=== Exercise aim ===
Write the data out again exactly, dropping any images it holds.

(Caption-style text data)
· · · ·

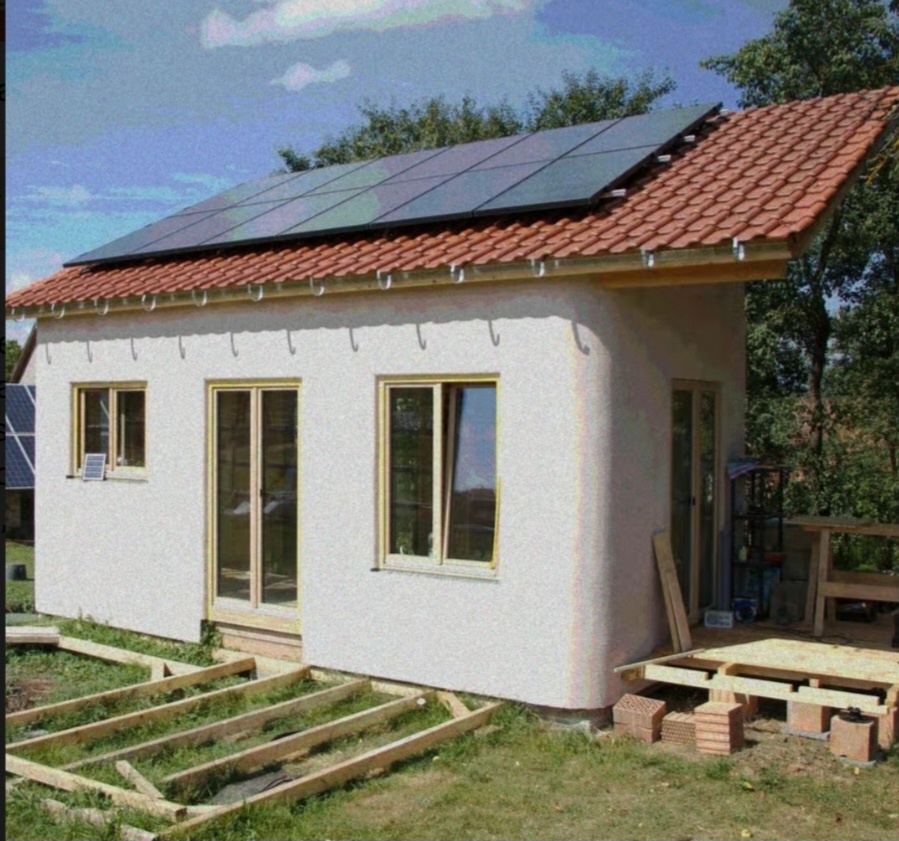 Robíme stav.práce, rekonštrukcie,byty,priestory, Rd - 12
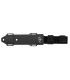 CUCHILLO TÁCTICO  MARTINEZ ALBAINOX 32568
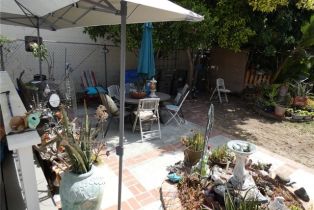 Residential Income, 218 Broadway, Redondo Beach, CA 90277 - 14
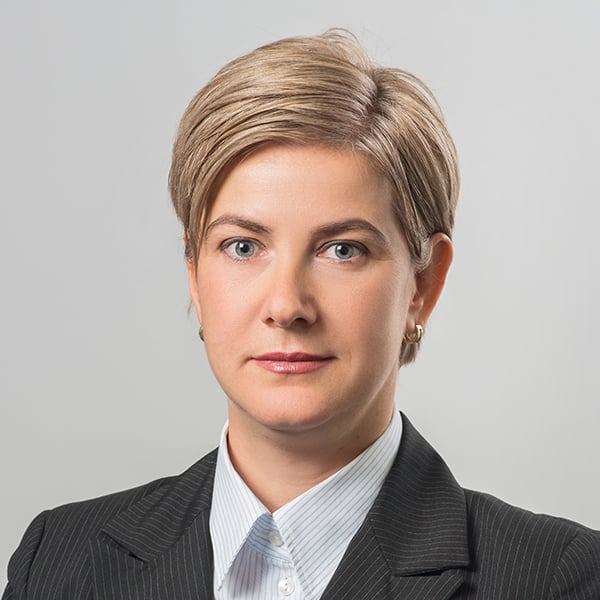 Antonia Kehayova photo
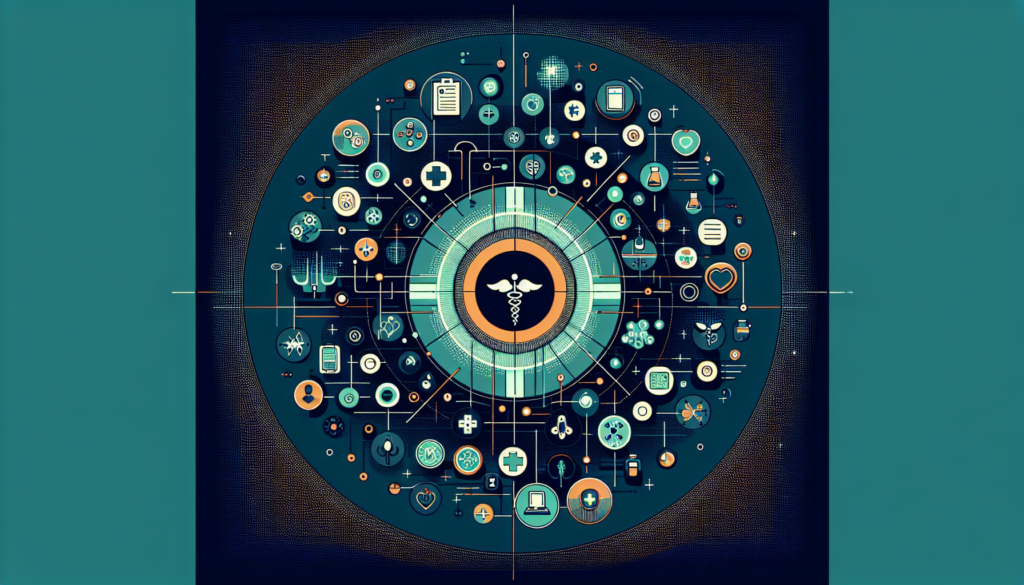 Integrating Predictive Analytics into Surgical Planning | PhysicianAITools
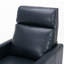 Fauteuil inclinable Biscoe-102625348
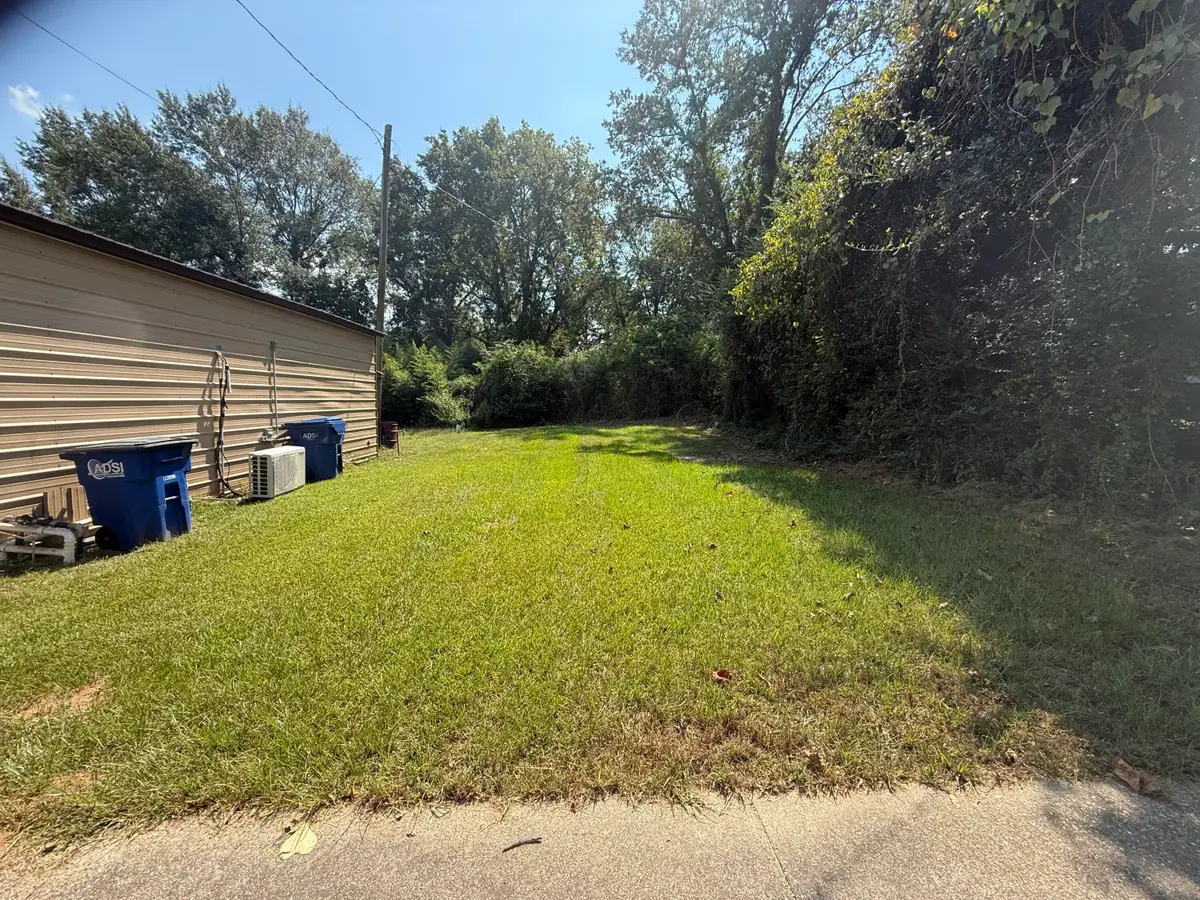 309 Main St., Heidelberg, MS 39439 - #1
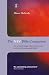 The NIV Bible Companion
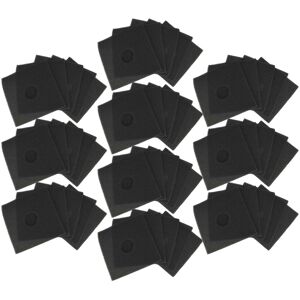 Vhbw 50x Air Filter Replaces Helios 0587 Vhbw 50x Air Filter Replaces Helios 0587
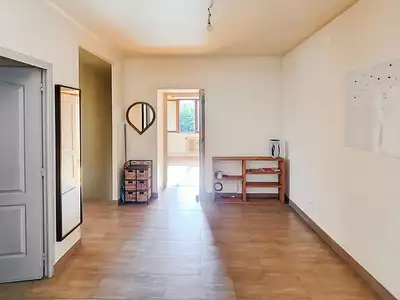 Maison, 150 m²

· · · ·

=== Expected answer ===
 Robíme stav.práce, rekonštrukcie,byty,priestory, Rd - 12
 CUCHILLO TÁCTICO  MARTINEZ ALBAINOX 32568
 Residential Income, 218 Broadway, Redondo Beach, CA 90277 - 14
 Antonia Kehayova photo
 Integrating Predictive Analytics into Surgical Planning | PhysicianAITools
 Fauteuil inclinable Biscoe-102625348
 309 Main St., Heidelberg, MS 39439 - #1
 The NIV Bible Companion
 Vhbw 50x Air Filter Replaces Helios 0587 Vhbw 50x Air Filter Replaces Helios 0587
 Maison, 150 m²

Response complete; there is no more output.